My husband and I have five kids in school, so afternoons are usually the most challenging parts of the day. When my husband went on a business trip to Florida for a few months, he had to figure out how to help the family long-distance. His solution was to call every day at the same time (about 20 minutes after the school bus dropped off the three elementary boys). He would engage one boy while I focused on the others; we would switch boys when needed.
Spelling Lists. Time permitting, I would allow the boys to type out their spelling list on my phone, then text it to their dad. If I couldn’t spare my phone (or trust them not to take unconventional pictures with it), then I would let them send a picture of their spelling list. Armed with the words for the week, their dad could study with them daily.
Reading Logs. Our first grader, being in the age group that only knows how to read out loud, was able to read to his dad on the phone. I would sometimes hear him spelling out a word that his dad didn’t understand (“Pahaohnee… I said, PAHAOHNEE! P-h-o-n-e… oh, phone“). If the book was popular enough, dad was able to download the story and read along. Since this was easier on the both of them, my husband started telling our first grader which book to read instead of the other way around.
Chores. The chore list is on the board in the kitchen. It is the same list of chores this week as it has been for the last 20 weeks, but they still need someone to say (if not point the way), “Go check your chore list; what do you have to do today? Okay, now go do it.” It was nice to let someone else parrot directions to the kids while I concentrated on starting dinner. Their dad was able to get them started working, unfortunately, the boys often “forgot” that they were on the phone and would put him down somewhere… where no one could hear him scream.
Baby Monitor. A couple of times I had to leave the house to play chauffer. Dad was able to stay on the line with the older boys, so he could keep them on track (or at least let me know if they tried to burn down the house).

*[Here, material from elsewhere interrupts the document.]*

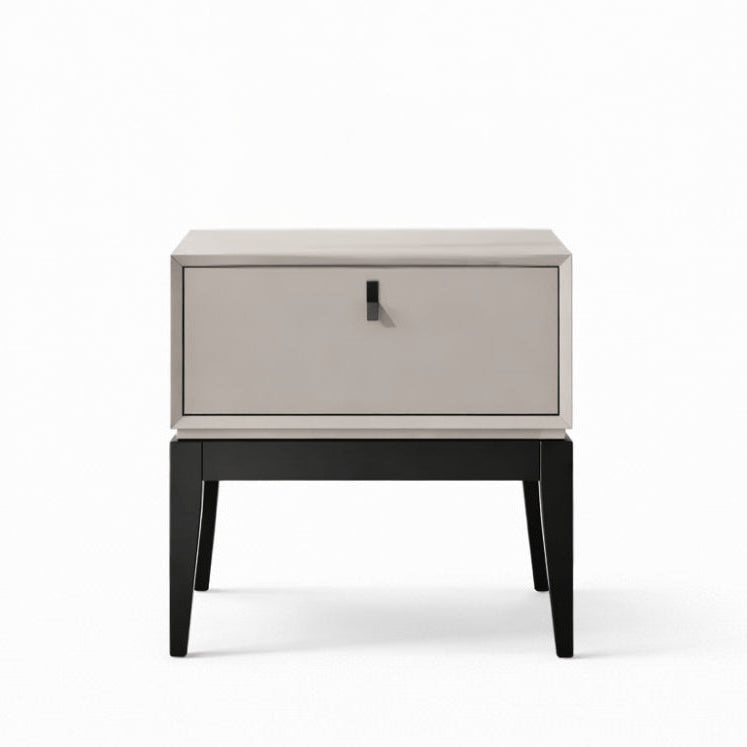 Modern nightstand with a single drawer on a white background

Our middle school and high school girls would arrive home too late to participate in talking to their dad, but he was sure to text them a quick word each day to let them know he cared about their day. Our three-year-old was the lucky one; he got to FaceTime his dad… though, I’m pretty sure he just enjoyed watching his own face talk the whole time.
I’d get my own phone call after the kids went to bed, when we could talk and say our daily readings. Admittedly, I wasn’t happy to hear about all the wonderful food there is to eat and exciting places to visit in Florida when I was in “mother-mode”, but at least I wasn’t resentful because I knew he had done his best to be a part of our daily lives.
Despite the over-the-phone help, we still had our chaotic days. Like the day we ran out the door late to church… and accidentally left the 10 year old upstairs. Sure, I asked if everybody was in the car! Yes, they told me the #1 troublemaker wasn’t there! No, I didn’t believe them, because they are always messing with me like that!! I didn’t put it together until I started wondering why both my husband and the alarm company were desperately trying to get ahold of me in the middle of the service. Once I realized that boy really was at home and setting off our motion sensors, of course I tried to get back home to him. Tried… because in addition to leaving my child at home, I had locked my keys in the car. Yeah, that was a fun day.